Tudo aquilo que ela sempre acreditou ser um sonho na vida de uma mulher, vinha se tornando em sua vida um completo pesadelo. E apesar de ter plena consciência disso tudo não tinha forças para mudar ou lutar.
Jaci chegava no consultório me contando que havia conhecido Rafael muito jovem, e que ele havia sido seu primeiro relacionamento sério, seu amor verdadeiro. Com ele tinha feito vários planos de se formarem, estudarem para concurso público, terem filhos apenas depois da compra da casa própria e quando estivessem estáveis financeiramente…

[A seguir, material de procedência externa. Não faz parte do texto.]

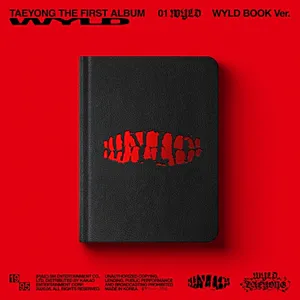 태용 - 정규 1집 [WYLD] (WYLD BOOK Ver.)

Entretanto nada ocorreu exatamente como planejado.
Quando estava terminando a faculdade engravidou por descuido seu achava, mas também Rafael nunca quis usar preservativo pois alegava que” camisinhas eram para ser usadas só com mulheres rodadas”, e num período que vinha se preparando para um concurso acabou se desligando e acabou esquecendo da pílula anticoncepcional e engravidou.

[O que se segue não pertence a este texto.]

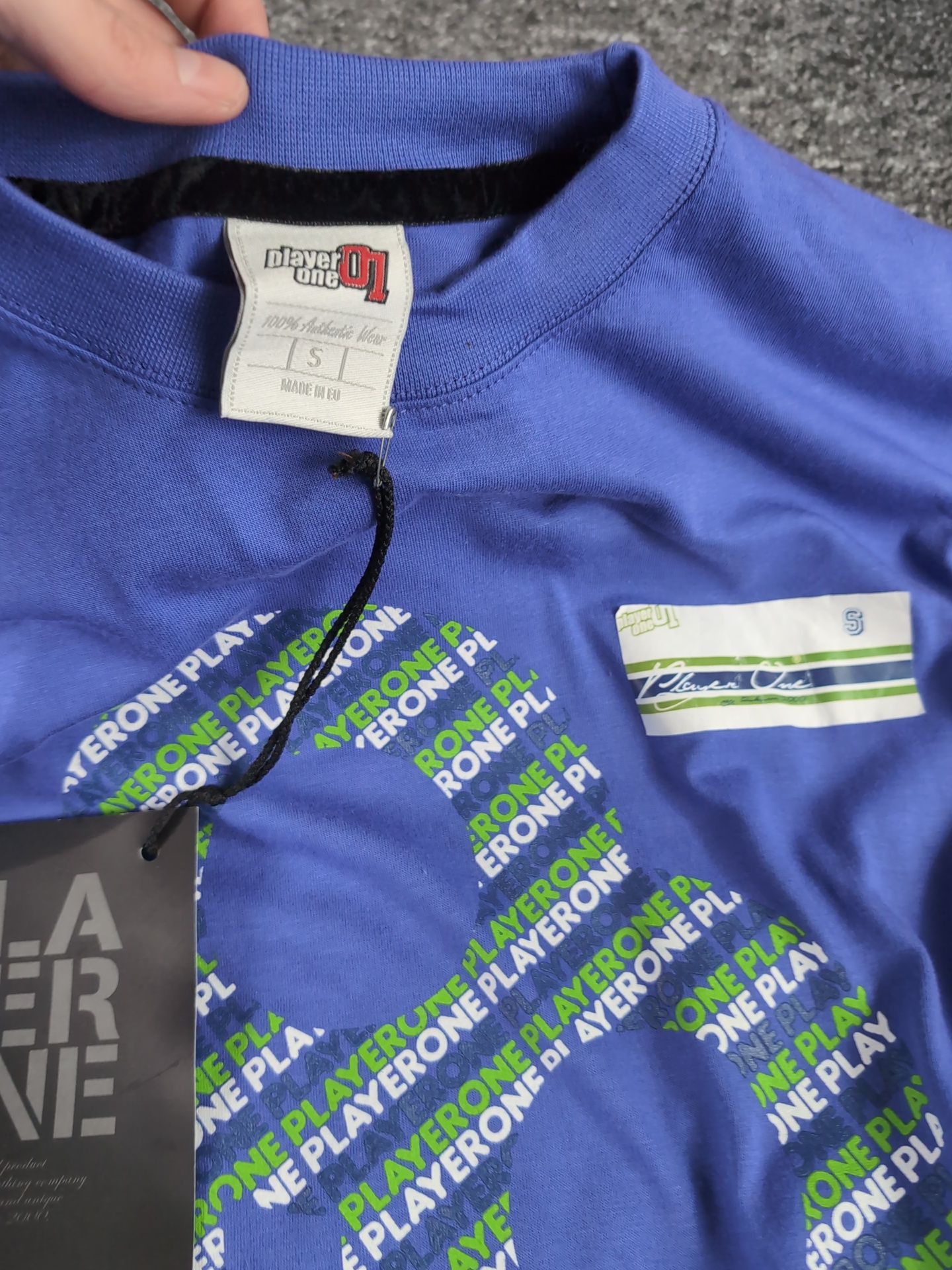 player one S - zdjęcie 4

Foi uma fase bem difícil pois ainda tinha muitos sonhos a serem vividos e não se sentia preparada para a maternidade, mas Rafael disse que eles se sairiam bem que era só ela parar de estudar que ela conseguiria cuidar da casa e da família e que um dia voltaria para os sonhos de estudar, trabalhar…um dia…, mas na verdade esse dia nunca aconteceu…
Ao longo da gestação o comportamento de Rafael piorou, volta e meia o via trocando mensagens e algumas vezes até conversas com mulheres. Brigavam, ele prometia mudar, mas sempre eram só promessas… em questão de dias tudo voltava a ser como antes… ele sempre era agressivo verbalmente dizendo como ela estava feia e mal cuidada, ele ausente chegando cada dia em casa mais tarde…

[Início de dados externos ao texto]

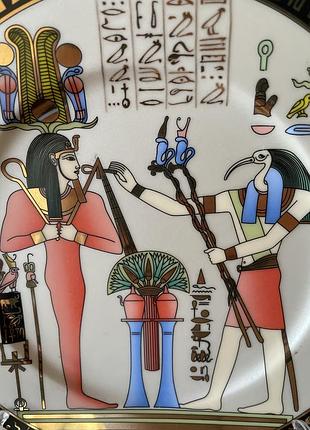 Декоративна тарілка єгипет 🇪🇬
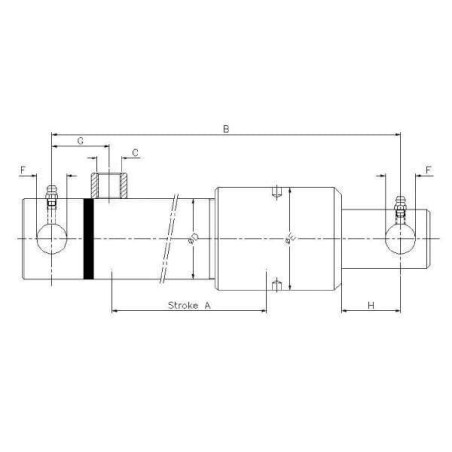 Vérin UNIVERSEL EPL30300ST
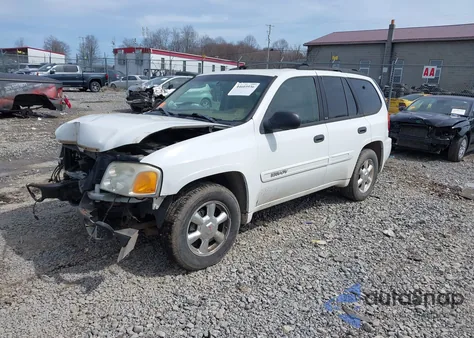 2003 GMC Envoy Sle z USA, uszkodzony, nr VIN 1GKDT13S332260871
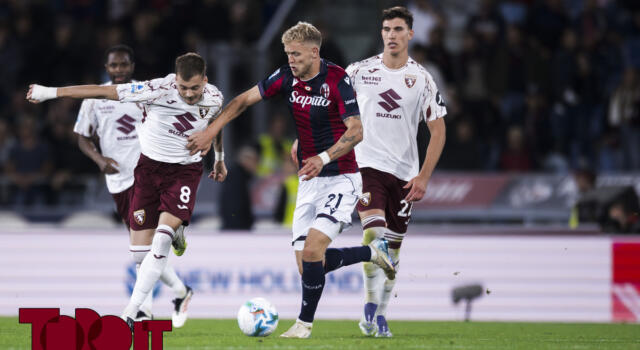 Torino, ecco il Bologna: Orsolini il più pericoloso, in attacco occhio a Castro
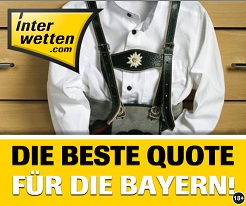 Interwetten Promo Bestquote Bayern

Trocavam poucas palavras poucos carinhos, e quando ele a procurava para transar nunca era pensando nela era apenas nele. Aliás quando ela pensava em fazer alguma investida que fosse para se aproximar ou tentar ter algum contato sexual ele a chamava de louca e falava para ela “se enxergar”.
Obviamente já tinha pensado em se separar, mas não tinha apoio da família e nem dos amigos, afinal já havia parado de estudar, não tinha um trabalho …. como travar essa batalha.
O estranho é que achava que Rafael já tinha ultrapassado vários limites. Até que um dia após pegar uma mensagem no celular dele e confrontá-lo começaram a discutir e ele na frente da filha do casal, deu um tapa em sua cara…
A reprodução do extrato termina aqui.